Inspired by SparseControl, CoCoCo, and AVID, we trained a local stylizer by combining both inpainting and ControlNet, enabling appearance modification, stylization, and texture manipulation in specific regions of videos, while keeping the original background unchanged.
We use the same controlnet architecture as in our gloabl stylizer. The difference between two models mainly lies in the base model and input condition. For our local stylizer, we utilize the CogVideoX-2B model as the base. As shown in Figure, the main branch takes the original video latents, masked video latents, and mask latents as input (48 channels). To mitigate the inflated channel dimension, we initialize our patch embedder using the first 16 channels from CogVideoX-2B, while the remaining 32 channels are zero-initialized. Similarly, the patch embedder for control branch are also zero-initialized.
Our control branch consists of 6 DiT blocks copied from main branch. For training data, we use the mask and phrases in the training dataset. We then combine the phrase with some pronouns randomly, to compose them as a sentence for training.
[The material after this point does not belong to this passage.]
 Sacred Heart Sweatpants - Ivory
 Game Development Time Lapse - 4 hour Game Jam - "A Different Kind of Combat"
We trained our local stylizer for 1 epoch, with a batch size of 32, AdamW optimizer, a learning rate of 1e-5, and a weight decay of 1e-4. The training videos consist of 33 frames at a resolution of 336 x 592. Similarly, to preserve generalization ability and accelerate training, we freeze the FFN layers except for the first DiT block.
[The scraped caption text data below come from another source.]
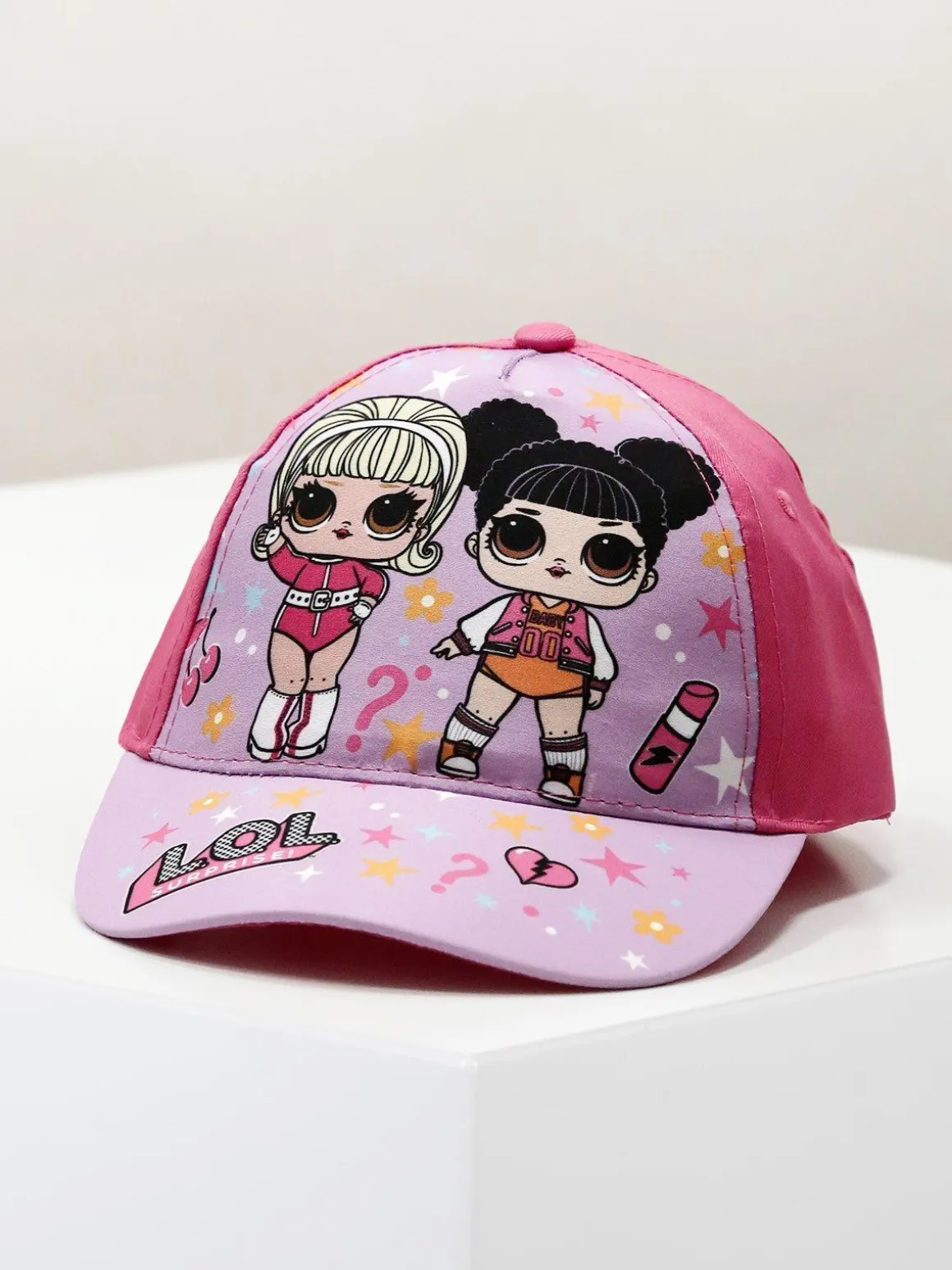 Lol Surprise! Cappellino da bambina con visiera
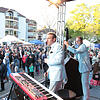 Sebastian Schnitzer und Rainer Bucher beim Eröffnungskonzert von "Billy Bob and the Buzzers". Nun werden die Jamboree und ein ...
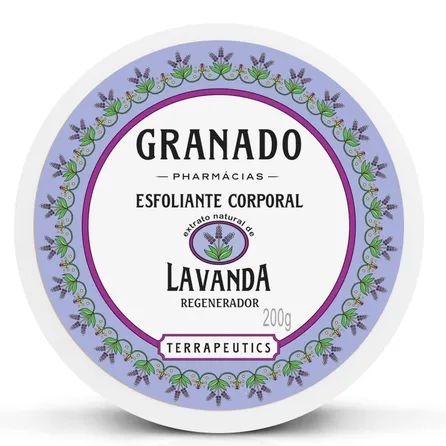 Esfoliante Corporal Granado Lavanda 200g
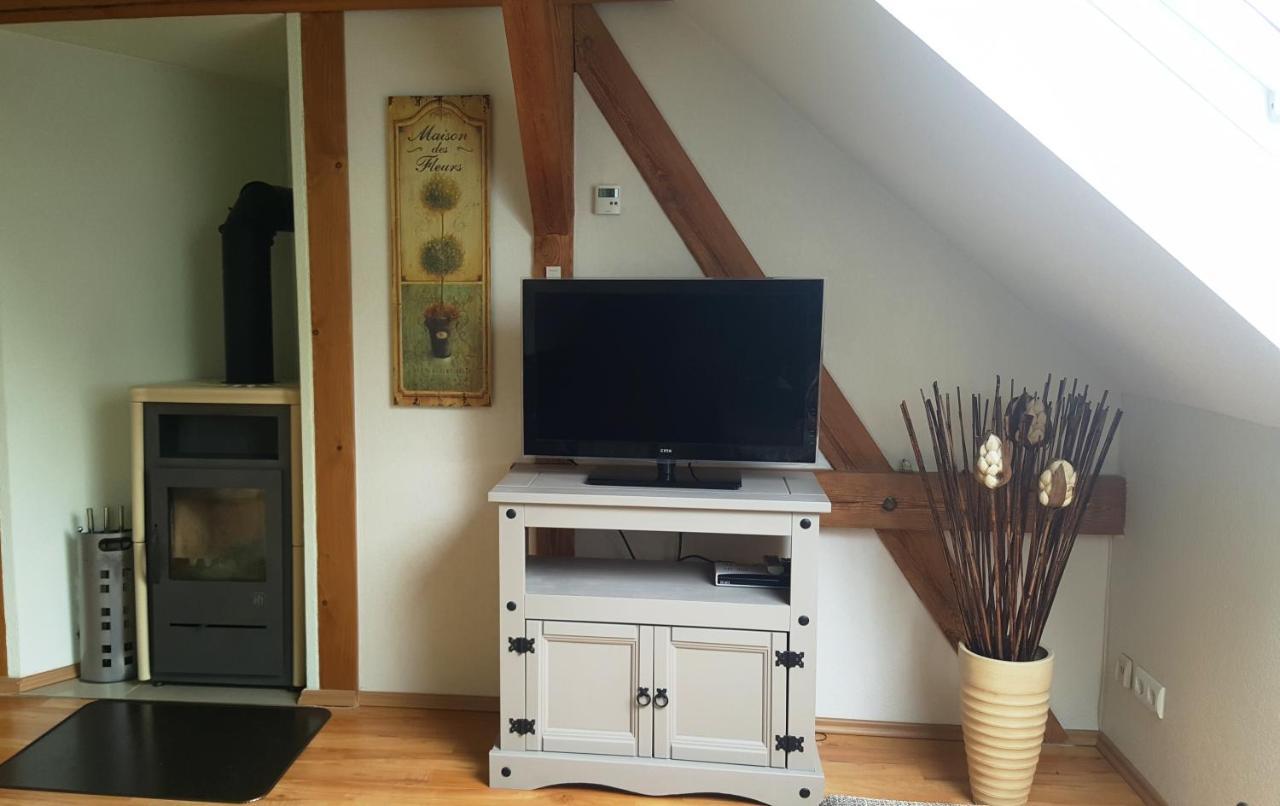 Ferienwohnung Am Sternhagener See Lindenhagen Ngoại thất bức ảnh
For inference, we use a classifier-free guidance scale of 6. The inference process completes within 1 minute on an Nvidia RTX 4090 for a video with a resolution of 336 x 592, the length is 33. We prepend the sentence prefix "It's" to the detected object phrase and pronouns to form a complete prompt. For example, when we want to paint the house in the video to yellow, we should use the prompt: "It's a yellow house."